Polyphony in Microtonal Modes

   Among his most significant contributions to Egyptian new music are his polyphonic works in modes containing Arab microtonal modes with 3/4 tones : Rast, Bayati and Saba etc. a style that he evolved since the seventies, he created chamber works in this style (especially for strings), that have achieved a remarkable success abroad, and opened up a new path for Egyptian music.


Aesthetic world

  His aesthetic world is poetic, contemplative and nostalgic, yet full of vitality. A German critic H.H. Stuckenschmidt - saw in it “a synthesis of Eastern spirit and Western techniques, that goes a step further than that of Bartok “( a broadcast in Rias Radio, Berlin, 1963)


Work

   Gamal Abdel-Rahim has written large scale orchestral works, choral works (a cappella and with orchestra), chamber music for various instruments, music for children, incidental music, ballets and art songs (lieder) etc..
 

Awards

    He was awarded several medals, honors and prizes, including the State Encouragement Prize for composition 1973, and the Gamal Abdel- Nasser Prize etc..
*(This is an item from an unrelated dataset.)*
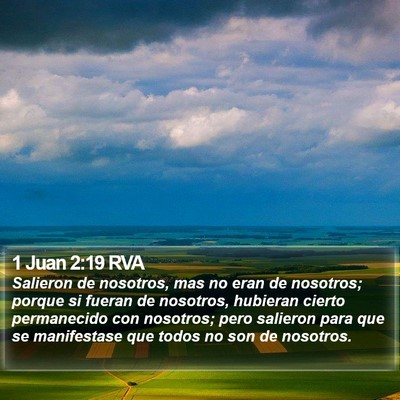 1 Juan 2:19 RVA Bible Verse Image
Publications and Recordings

 His music has been performed in many European countries, U.S.A., Russia and the Middle East. Most of his works are recorded on CDs and for radio and TV. His works are published in Europe and U.S.A. See New Grove's Dictionary, 1980 and the expanded entry in 2000 edition (printed and electronic).
 
   
   During a visit to his daughter’s family in Frankfurt in July 1988, he suffered a stroke and died 23 November 1988. He is buried in Cairo. 
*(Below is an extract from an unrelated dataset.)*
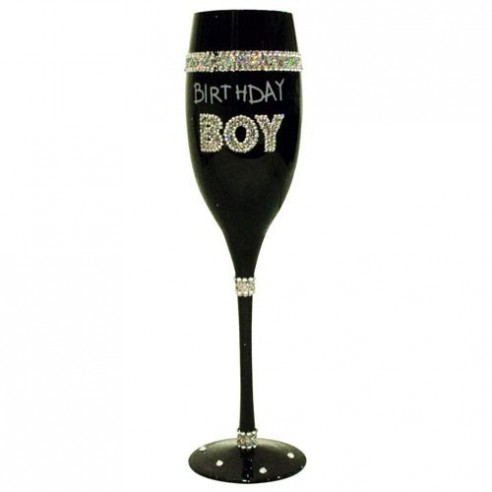 Copa Champagne Feliz Cumpleaños Chico en Estuche Lujo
The Binational “Fulbright Commission” in Cairo published a ‘Festschrift’ for Gamal Abdel-Rahim “, 1993 (in English), an Arabic expanded version 
was published by the Supreme Council for Culture, Cairo 2001
   
  1996 a documentary film was produced about him directed by K. 
  El-Kalyouby. 
 
 His statue occupies a prominent place at the Cairo Opera House.